1. Field of the Invention
The present invention generally relates to the field of visualizing dynamic graphs and in particular to a method and an apparatus for animating transitions among a dynamic graph series.
2. Description of Related Art
Dynamic graphs, compared with static graphs, are changed over time. Graph elements (nodes/edges) will be added or removed or their attributes will be changed dynamically. The major purpose of visualizing dynamic graphs is to facilitate disclosing the change patterns along the time dimension. This will expose the essence of the graphs or network evolutions such as the evolutions of social communities in a social network.
Many challenges exist in dynamic graph visualization. One of the most important challenges is to smoothly transit graph changes between different time frames to keep users' focus. In particular, graph changes may be further classified into the following categories: 1. graph change due to removal of an element; 2. graph change due to addition of an element; and 3. graph change due to change of an attribute of an existing element. Removing or adding elements in a dynamic graph will directly change the topology. It is a significant change in a graph. Without any animated transitions, users might lose their focus and are confused about the sudden graph change. While the third type of graph change will be slighter, and it usually leads to the moving of the elements.

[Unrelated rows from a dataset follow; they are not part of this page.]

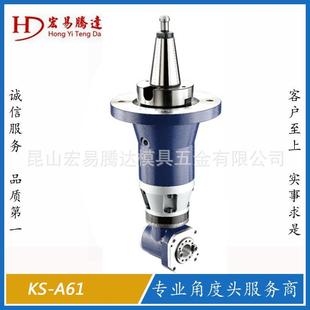 CNC角度头侧铣头90度铣头KS-A61微型延伸角铣头直角铣头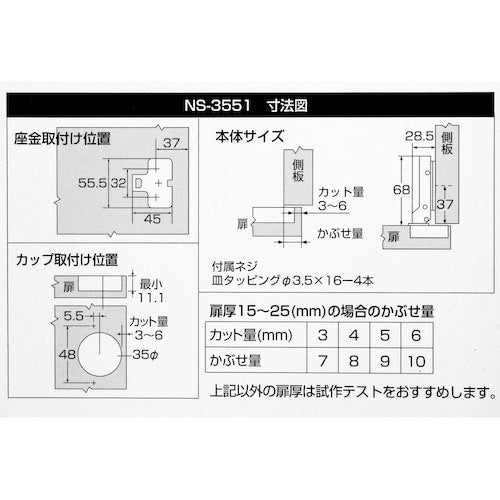 ＷＡＫＩ　スライド丁番（半かぶせタイプ）　ＮＳ‐３５５１　キャッチ付き　穴径３５ｍｍ　NS3551　1 個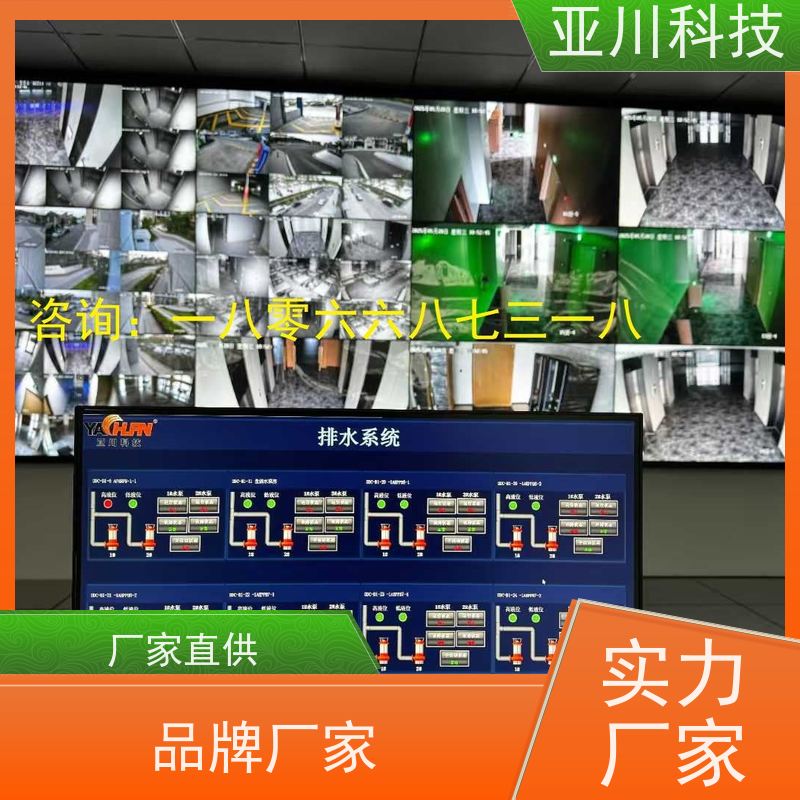 学校vtk-c照明模块配置 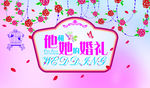 他和她的婚礼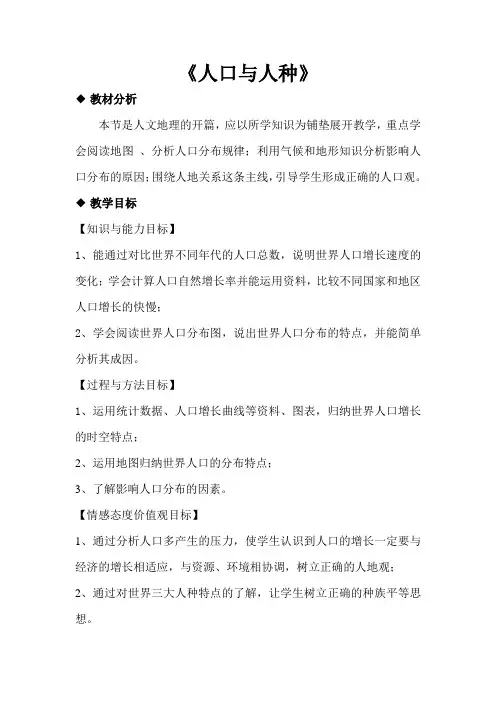人教版七年级地理上册4.1《人口与人种》教学设计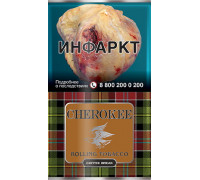 Табак сигаретный CHEROKEE Coffee break 25гр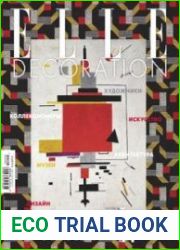 Elle Decoration (Россия)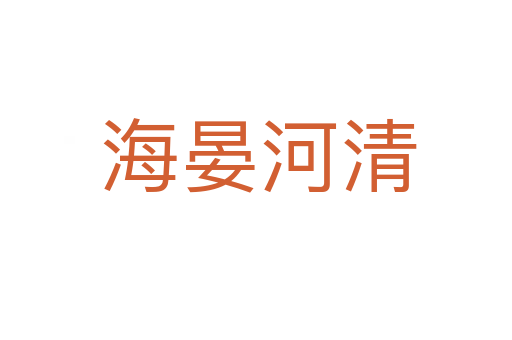海晏河清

To visualize the above graph changes while preserving the user's mental map, several animating methods have been designed by dynamic graph visualization systems in the prior art. The latest and most powerful system is Sonia (see http://sonia.stanford.edu). The system provides a total solution of dynamic graph visualization including animated transition. In the system, edge driven animation is used to smoothly transit both the topology changes and attribute changes. All the nodes are initially laid out on the display (the isolated nodes are usually laid out on a circle). Edges are dynamically added or removed between nodes. The added or removed edges will drag two connected nodes together or release these nodes to their initial positions. The edge lengths are in inverse ratio to the edge weights. The changing of edge weights will lead to the movements of the connected nodes. The nodes are moved along a straight line path when animating. It is quite efficient and clear when the number of the changed elements is small. However, when the number of the changed elements is large, this edge driven transition method may produce visual clutter due to long moving distances of the nodes and a tendency that the moved elements are likely to overlap. Furthermore, in most cases, node elements are also added into or removed from the dynamic graph frequently. The edge driven animated transition method will not be enough.